Safety & Ethics Note: When AI suggests code, validate that it:
- Correctly handles the data you're working with
- Doesn't skip error handling for edge cases (empty lists, missing keys, type mismatches)
- Uses type hints appropriately
- Matches your project's style and structure
Ask AI: "Why did you choose this approach? Are there tradeoffs I should consider?" This builds critical thinking alongside coding skills.
Capstone Success
You've now completed the full journey from raw data to insights. You've:
- Designed data structures strategically
- Parsed text into structured Python objects
- Filtered data with comprehensions
- Aggregated results using dict-based accumulators
- Output professional summaries
This is real work.

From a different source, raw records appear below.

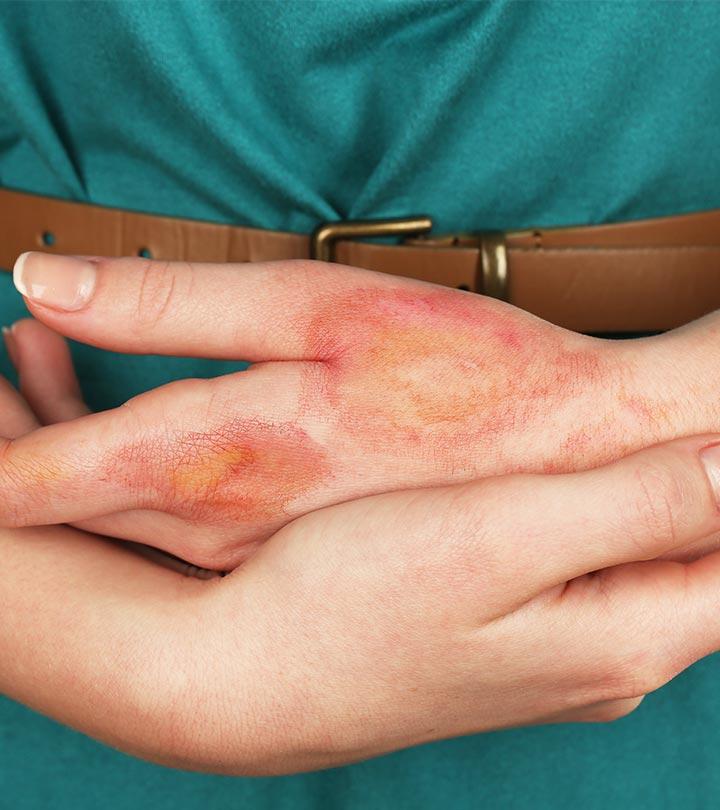 Home Remedies For Burns in Hindi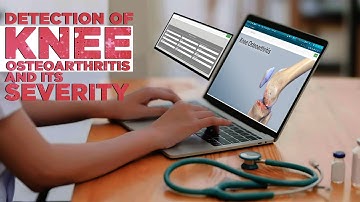 Online Knee Osteoarthritis Using Image Processing | Python Project
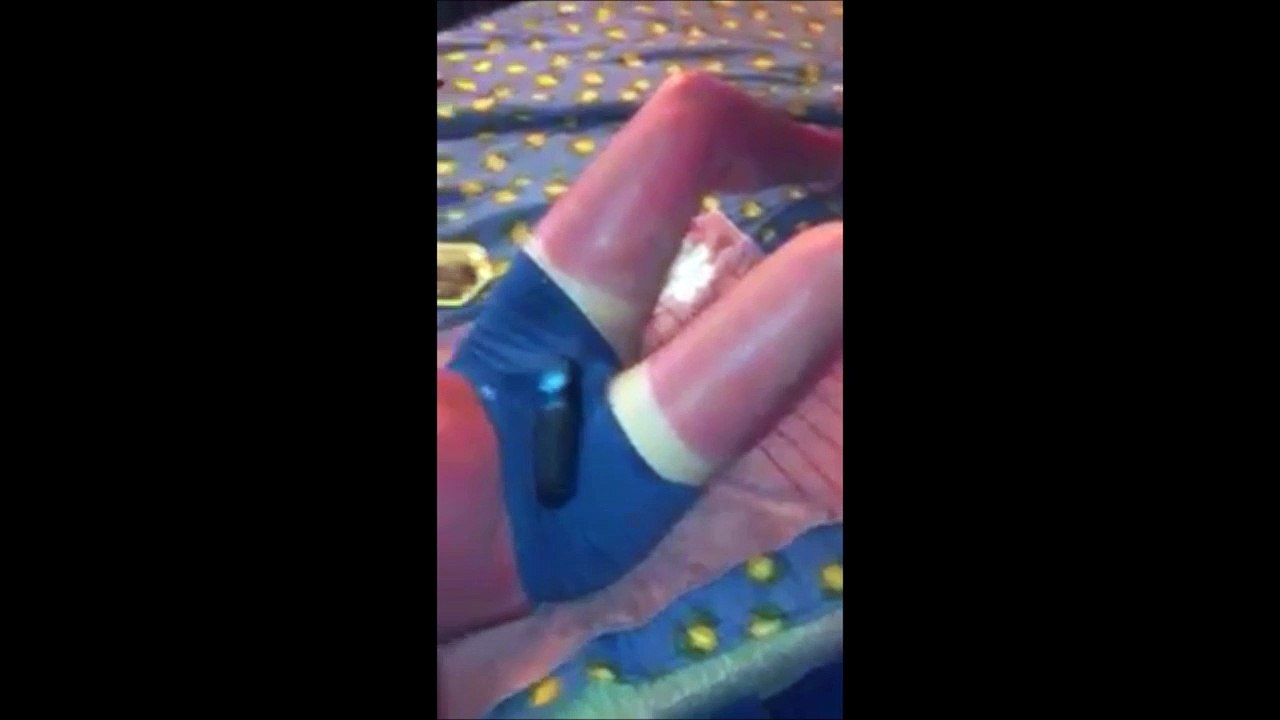 Il s'endort au soleil et prend un coup de soleil enorme et douloureux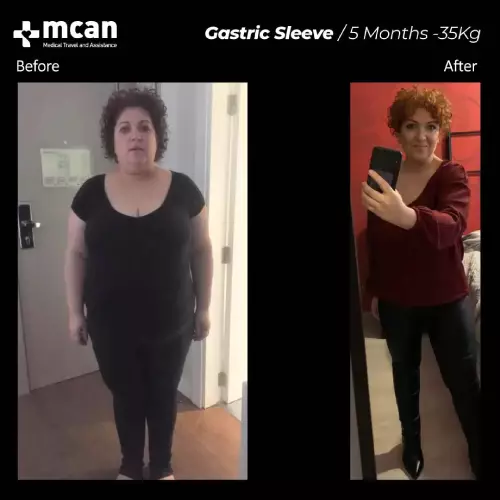 До и после операции по снижению веса 1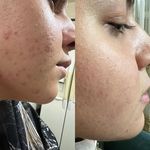 فشیال و پاکسازی تخصصی پوست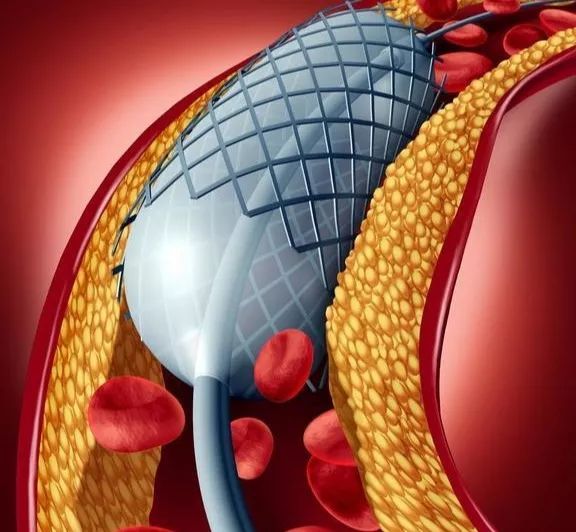 冠状动脉内支架植入术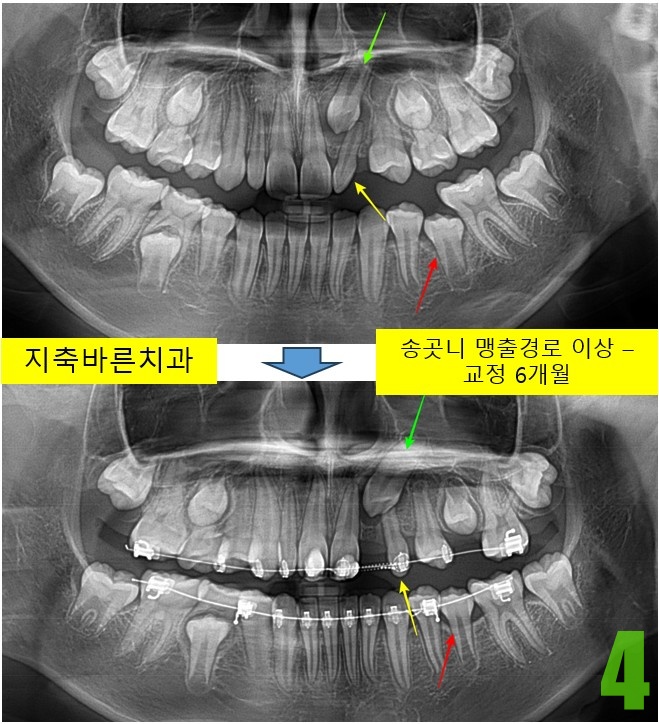 4. 교정 6개월.jpg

Data engineers, backend developers, analytics engineers do this every day. You've demonstrated the core competency: architectural thinking combined with execution.
Congratulations on completing Chapter 18. You're ready for Chapter 19 (Sets and Frozen Sets) and beyond. The collection structures you've mastered form the foundation for everything that comes next—from functions that operate on collections to objects that contain collections as attributes.
What's next: In Chapter 20, you'll learn how to encapsulate this pipeline logic into reusable functions. In Chapter 21, you'll handle exceptions robustly when data is malformed. In Chapter 22, you'll read/write data from actual files. But the core pattern—ingest, transform, aggregate, output—remains your north star.
Keep building. Keep asking your AI partner. Keep validating. You're thinking like a developer now.